# Overwhelmed



## Dawn0103 (Mar 7, 2014)

Hello all! I have been lurking for awhile but haven't found situations like ours so I felt it was time to post. We are an American family (47, 43, 13, 11) living in Denver, Colorado. We are looking to retire overseas in 5 years but will retain our home in Denver for residency and Medicaid/Medicare issues for my son (And us later on). I have been searching every continent and feel that Malaysia and southern Spain are the top contenders. We plan to get to a top three list and then do extended stays for research before picking one. (My daughter and I have traveled extensively so Asia is not as exotic to us as it might be for my husband and son.) Below is our list of things we are looking for in a location (and which I feel malaysia has covered easily). I am wondering if anyone has feedback on areas within Malaysia to help narrow the field.

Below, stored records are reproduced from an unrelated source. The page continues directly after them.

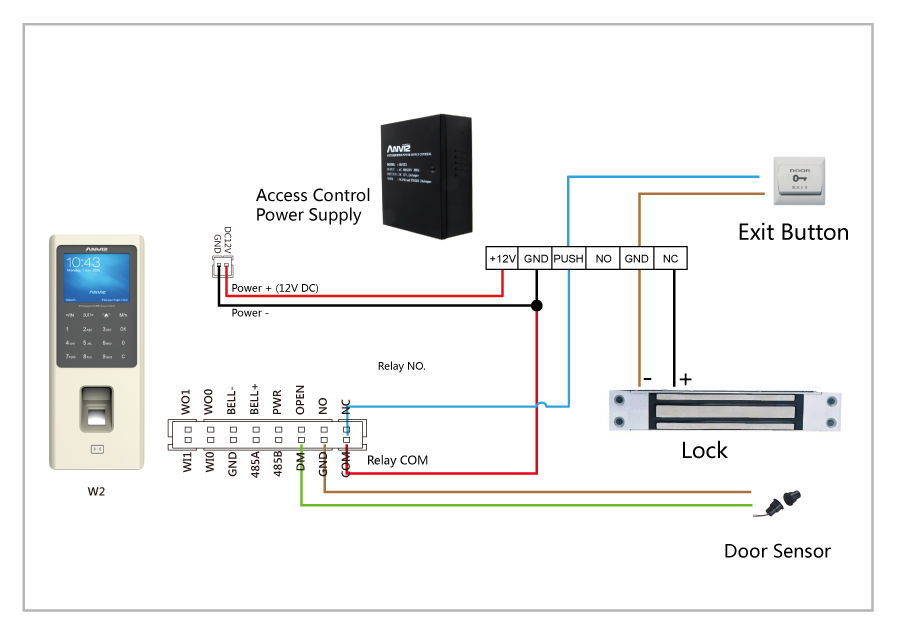 Zkteco K40 Wiring Diagram Wiring Diagram Schemas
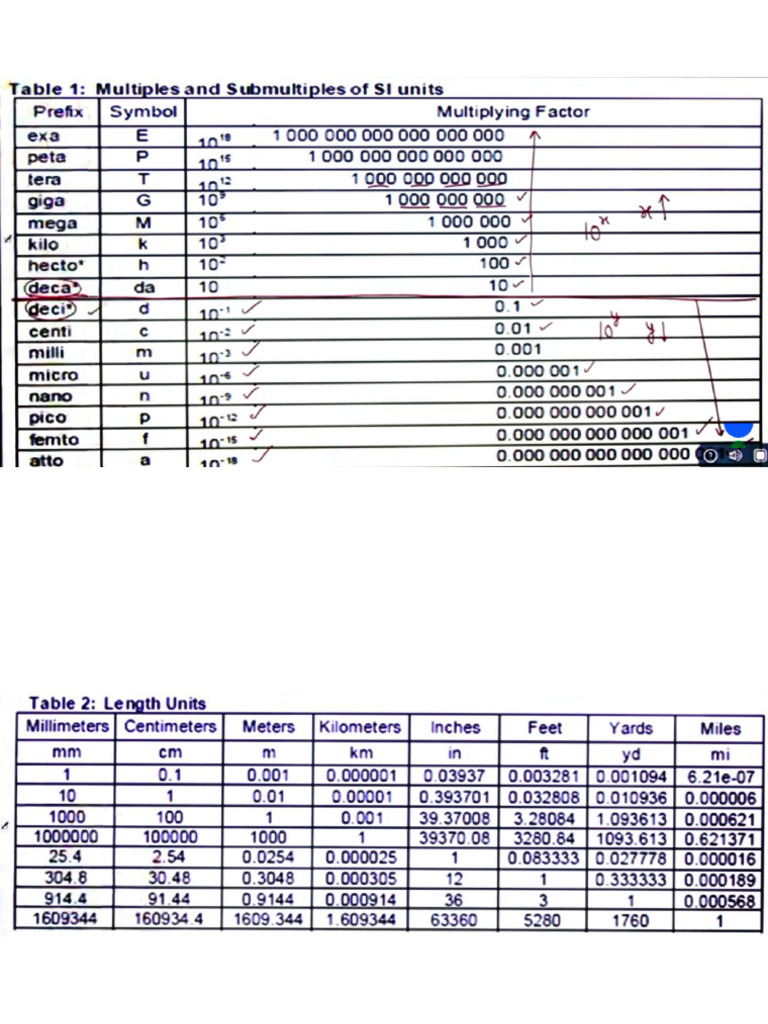 Document 4 | PDF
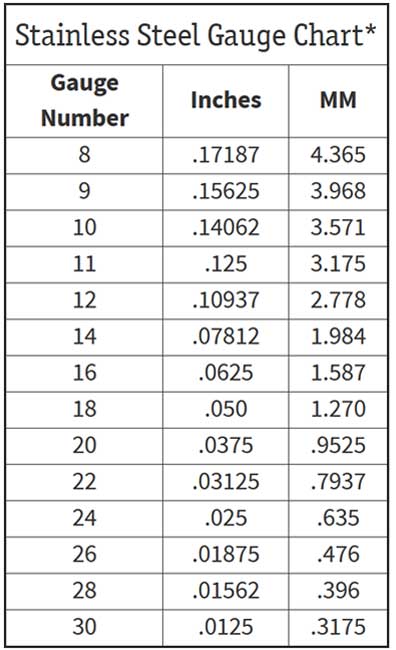 stainless-steel-gauge-chart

- open to foreigners, ie not xenophobic
- good blend of expats and locals
- While I would like to live more integrated, I imagine an expat community or more western style home would help the husband and kids feel "at home".
- good internet (for family and possibly work if my husband keeps up some level of connection)
- personal safety (at home, in a vehicle, out and about). I lived in India and have spent quite a bit of time in Singapore, China and Japan so I am not unaware of road craziness but do want some semblance of safety and real Emt / hospital.
- legal to homeschool 
-decent housing for $300,000 usd (preferably with no steps, minimal steps or elevator)
- activities for each of us ( golf, biking, hiking, fishing, hunting, skiing, snorkel, scuba, beach, ride horses, reading, local sites/history, dinners out, theater, local arts, museums, markets, other kids, etc...)
- places to volunteer 
- ability to hire support staff (my son has significant special needs - he uses a walker / cane and can do steps with assistance.)
- good medical facilities (my sons situation is stable but would feel better knowing there was something reasonably close).
- international airport in order to continue seeing the world
- reasonable cost of living expenses
- relative ease in everyday activities, ie grocery store/ market, paying bills, banking, etc
- we are not big city people 


Currently, thinking about Penang, Cameron Highlands, way outskirts of Kuala Lumpur but really open to ideas from those of you that are there.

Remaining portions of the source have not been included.